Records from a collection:
Segment Open

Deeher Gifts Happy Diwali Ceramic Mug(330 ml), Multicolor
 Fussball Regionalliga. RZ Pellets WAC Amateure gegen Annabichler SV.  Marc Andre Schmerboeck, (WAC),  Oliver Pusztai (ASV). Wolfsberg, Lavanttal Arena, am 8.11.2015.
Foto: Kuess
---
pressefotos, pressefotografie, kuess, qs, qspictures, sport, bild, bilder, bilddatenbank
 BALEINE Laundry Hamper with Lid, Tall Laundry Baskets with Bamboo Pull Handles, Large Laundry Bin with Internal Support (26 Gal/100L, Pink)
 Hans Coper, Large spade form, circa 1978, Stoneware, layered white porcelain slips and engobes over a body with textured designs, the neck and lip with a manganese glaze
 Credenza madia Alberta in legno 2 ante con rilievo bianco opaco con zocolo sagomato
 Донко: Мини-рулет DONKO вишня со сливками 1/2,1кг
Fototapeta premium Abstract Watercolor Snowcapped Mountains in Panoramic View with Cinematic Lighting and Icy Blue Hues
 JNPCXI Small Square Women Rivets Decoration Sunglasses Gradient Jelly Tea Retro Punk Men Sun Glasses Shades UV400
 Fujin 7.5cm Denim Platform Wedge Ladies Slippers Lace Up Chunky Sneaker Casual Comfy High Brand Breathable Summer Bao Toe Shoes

Segment Closed

▶ _Problem description_: Set down only the lines above that fall between the line holding "Fussball Regionalliga. RZ" and the line holding "Hans Coper, Large", inclusive, keeping each exact.

▶ _Problem solution_:
 Fussball Regionalliga. RZ Pellets WAC Amateure gegen Annabichler SV.  Marc Andre Schmerboeck, (WAC),  Oliver Pusztai (ASV). Wolfsberg, Lavanttal Arena, am 8.11.2015.
Foto: Kuess
---
pressefotos, pressefotografie, kuess, qs, qspictures, sport, bild, bilder, bilddatenbank
 BALEINE Laundry Hamper with Lid, Tall Laundry Baskets with Bamboo Pull Handles, Large Laundry Bin with Internal Support (26 Gal/100L, Pink)
 Hans Coper, Large spade form, circa 1978, Stoneware, layered white porcelain slips and engobes over a body with textured designs, the neck and lip with a manganese glaze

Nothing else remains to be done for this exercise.